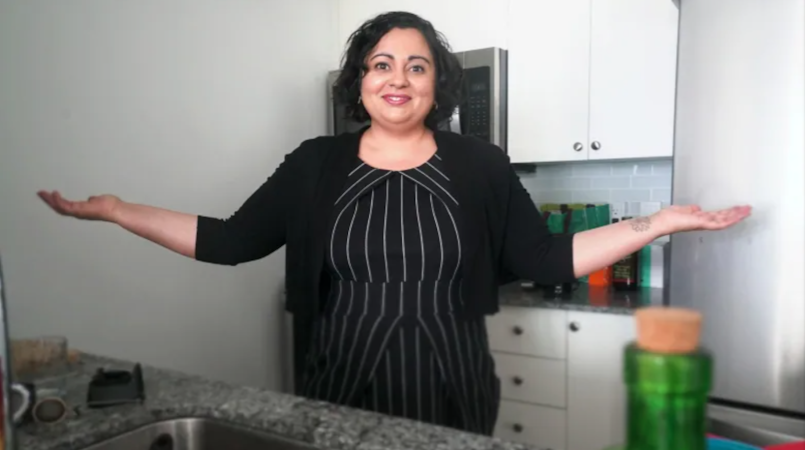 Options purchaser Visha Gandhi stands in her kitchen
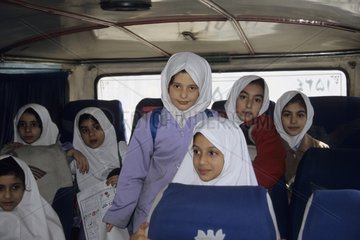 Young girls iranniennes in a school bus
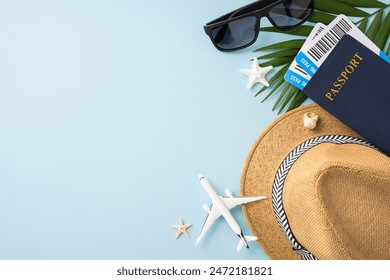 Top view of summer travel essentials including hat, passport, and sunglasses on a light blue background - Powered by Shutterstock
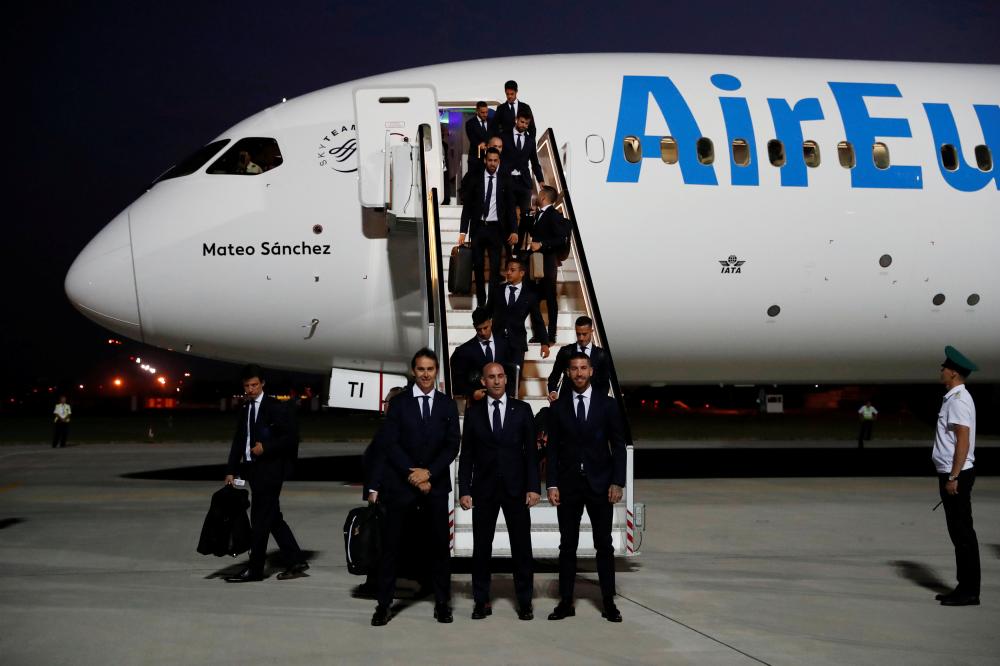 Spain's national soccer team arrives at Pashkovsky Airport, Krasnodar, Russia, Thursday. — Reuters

==

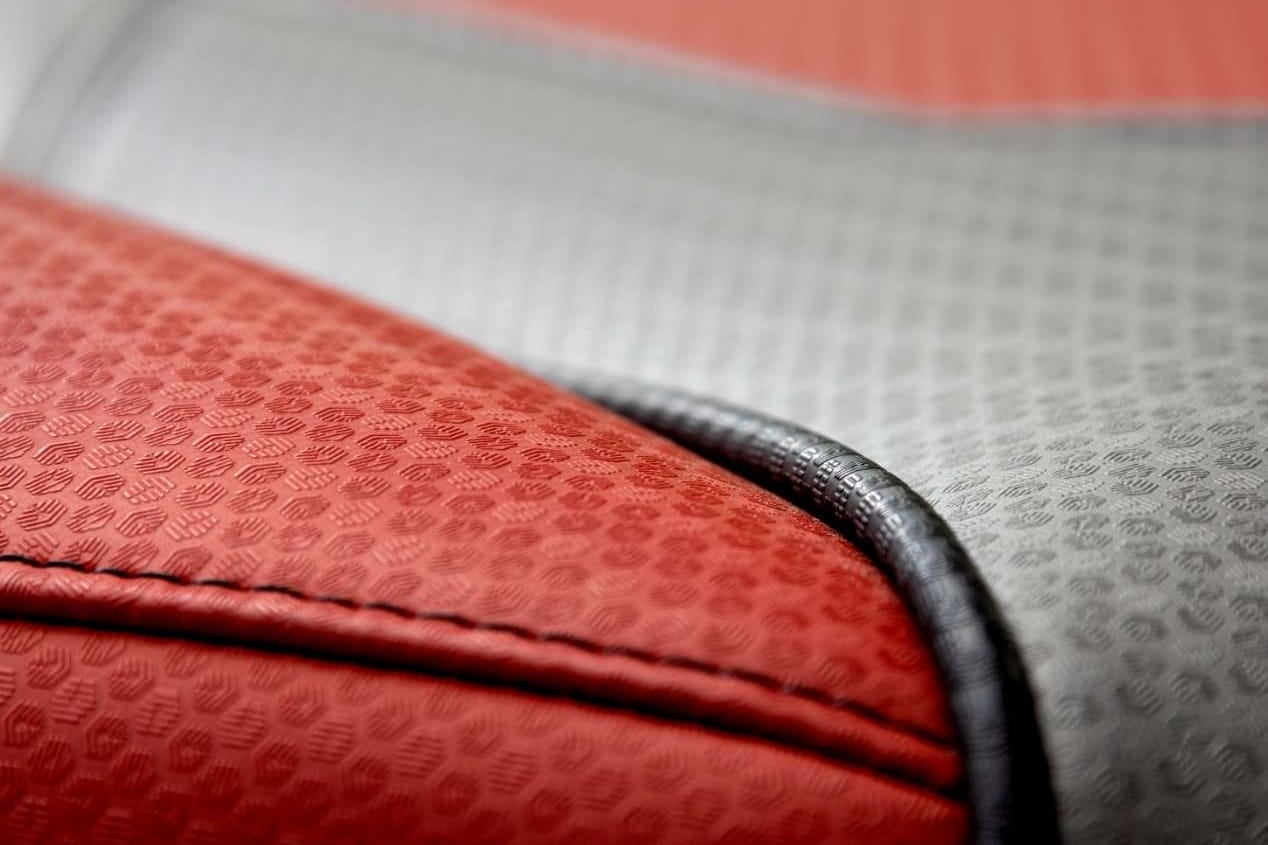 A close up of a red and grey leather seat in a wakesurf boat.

---

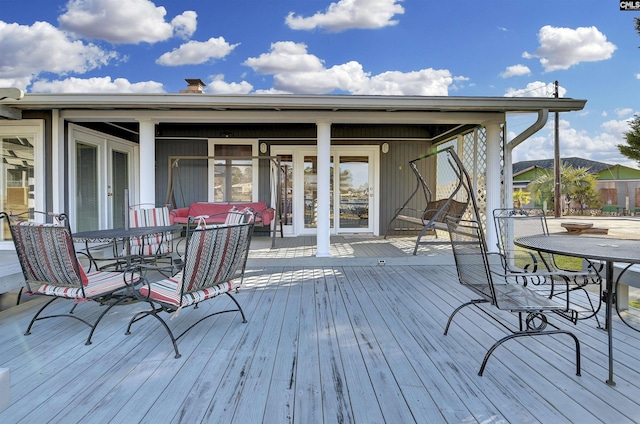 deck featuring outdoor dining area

_Task instructions_: Set down exactly the lines above, from the line containing "Young girls iranniennes in a school bus" through the line containing "Spain's national soccer". Skip the pictures.

_Answer space_:
 Young girls iranniennes in a school bus
 Top view of summer travel essentials including hat, passport, and sunglasses on a light blue background - Powered by Shutterstock
 Spain's national soccer team arrives at Pashkovsky Airport, Krasnodar, Russia, Thursday. — Reuters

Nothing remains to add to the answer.